Depuis le début de la pandémie de Covid-19, de nombreux médecins et chercheurs ont exprimé des désaccords, et ce pour des raisons légitimes.
Mais l’on a aussi entendu beaucoup d’autres personnes s’exprimer à tort et à travers dans les médias.
Alors que notre besoin de comprendre et d’expliquer n’a jamais été aussi fort, une certaine défiance se développe envers la science en général, et le monde de la santé en particulier.
Alors peut-on parler de vérité scientifique ?
Points de vue de deux experts.
Physicien et philosophe des sciences, directeur du Laboratoire de recherche sur les sciences de la matière au CEA de Saclay, auteur notamment de « Le goût du vrai », paru en 2020 aux éditions Gallimard.
OUI
La science est parvenue à de nombreuses reprises, parfois au prix de longues années de controverses, à apporter des réponses claires et convaincantes à des questions bien posées. Ces « vérités » peuvent encore évoluer, évidemment, mais sont peu susceptibles d’être complètement remises en cause. Toutefois, la formulation de certaines d’entre elles doit être remaniée pour tenir compte de l’évolution des connaissances. La science n’aurait pas de sens si elle n’avait pas pour horizon l’idée de vérité, mais il faut toujours rester prudent et précis dans la façon d’énoncer les vérités dites « de science ». L’un des problèmes que nous avons actuellement, c’est que l’on confond la science et la recherche, qui sont pourtant deux choses très différentes. Il existe d’une part un corpus de connaissances scientifiques en lequel on a toutes les bonnes raisons d’avoir confiance, et d’autre part des questions dont la réponse n’est pas encore connue.
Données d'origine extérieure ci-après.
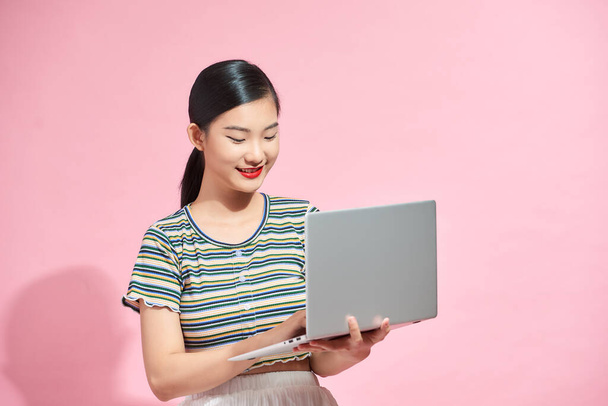 Asian cute young woman smiling standing using laptop computer on hand looking to computer isolated, - Foto, immagini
Un chercheur a conscience de ce que l’on sait et de ce que l’on ne sait pas : chercher, c’est douter ! Mais si l’on confond science et recherche, alors l’idée de doute, consubstantielle à la recherche, colonise l’idée même de science, et on en vient à dire : « la science, c’est le doute ». Mais si la science, c’est le doute, alors pourquoi nous interdirions-nous de la contester à partir de notre propre « ressenti », de nos croyances, de nos convictions ? Cela promeut en outre l’ultracrépidarianisme (comportement qui consiste à donner son avis sur un sujet sans pour autant posséder de compétences crédibles.) : tous ces soi-disant experts qui parlent avec beaucoup d’assurance de sujets qu’ils ne maîtrisent guère ! Confondre science et recherche a donc des effets ravageurs.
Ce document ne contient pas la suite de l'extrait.